“You never really understand a person until you consider things from his point of view.”
~ Harper Lee
I discovered an amazing opportunity of compassion through creating a process I call, “a living life review.” This has benefited me in so many areas of my life. I would like to share a story from my childhood and how I used this process to help heal an event that otherwise festered within me.
When I was a young child, I did something out of play that wasn’t received well. For years I never understood why my mother would share this story with people and in doing so become angry with me. After hearing this story many times I became frustrated which created resentment toward her.
Around the age of three or perhaps a young four I was with my mother on her morning errands. Back in the day we didn’t have car seats, we roamed freely within the car. She made several stops that morning finishing up at the gas station. Shortly after climbing out of the car to speak to the gas station attendant, my mother discovered that her precocious daughter asserted her free will by locking both doors as the keys dangled in the ignition.
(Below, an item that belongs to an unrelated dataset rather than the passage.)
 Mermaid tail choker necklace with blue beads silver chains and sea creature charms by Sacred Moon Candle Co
My mother tapped on the driver side window directing me to unlock the door. She recounts that I smiled and turned my face away from her, giggling. (Let me state I do not recall this event at all other than hearing this story from her.) She states that I turned my face from side to side, eyes closed, and smiling while ignoring her pleas. The gas attendant got involved by walking around to the passenger side of the car, tapping on the window, instructing me to unlock the door. Again, according to my mother; I turned my face away from him. This went on a few minutes until the attendant noticed the “wing window” was open, he fashioned a wire hanger into a hook, fished it around the lock and could break into the car. Eureka, crisis averted!
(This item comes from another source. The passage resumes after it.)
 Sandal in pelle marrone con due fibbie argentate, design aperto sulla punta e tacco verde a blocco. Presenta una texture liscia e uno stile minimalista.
Fast forward 43 years and I can tell you that this story is as raw to my mother today as it was the day it happened. Every time she shared this event it re-established her feelings in that moment. Through this I grew to resent her for being so mad at me for being a child and not knowing any better. Often I would become angry at her for trying to reprimand me in front of friends and boyfriends over this. In time as a defense I made a mockery of it.
So, I did a living life review of the situation, by opening my heart to her perspective. What transpired that morning, was embarrassing for her. Yes, logically we can see it through the idea that it was a young girl being silly but it was mortifying to her and on some level in her mind it defined her as a mother. I believe she worried how others judged her. As a defense mechanism she took all of her judging fear out on me. When I opened my heart to understanding her instead of getting wrapped up in how this made me feel, I was able to realize her hurt. I could feel her shame and pain. It made me realize with open heart, that in order to move past this I will need to put my resentment to rest. I see now that this is her best and although it is not how I am wired, I do not feel anything but compassion and love for her. In letting go of it, realizing it is her deal not mine I am helping myself move forward.
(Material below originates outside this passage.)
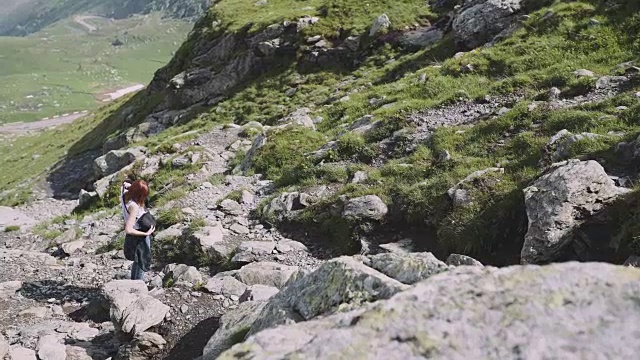 一位年轻的女性徒步旅行者带着照相机爬山。罗马尼亚喀尔巴阡山脉的transagarasan视频素材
We all have perceptions. None of us are cut from the same cloth. It is through our experiences and our soul’s journey of expansion we have both the choice and the opportunity to be forgiving, loving, humble and kind. Even if our perceptions do not match or resonate to one another we can choose grace and dignity above all else. Trust me it is never worth getting caught up in the battle of who is “right.” Perception is neither right nor wrong; they are only different. It is these differences that usher in expansion and growth. Finding tolerance in situations rather than discord will go a long way. Focusing on the discord creates more discord. Each time she revisits that memory she is perpetuating the cycle of those emotions. I chose to break that cycle with love and humbled heart.
Tolerance is a powerful tool toward healing this life, this journey, and this world we live in.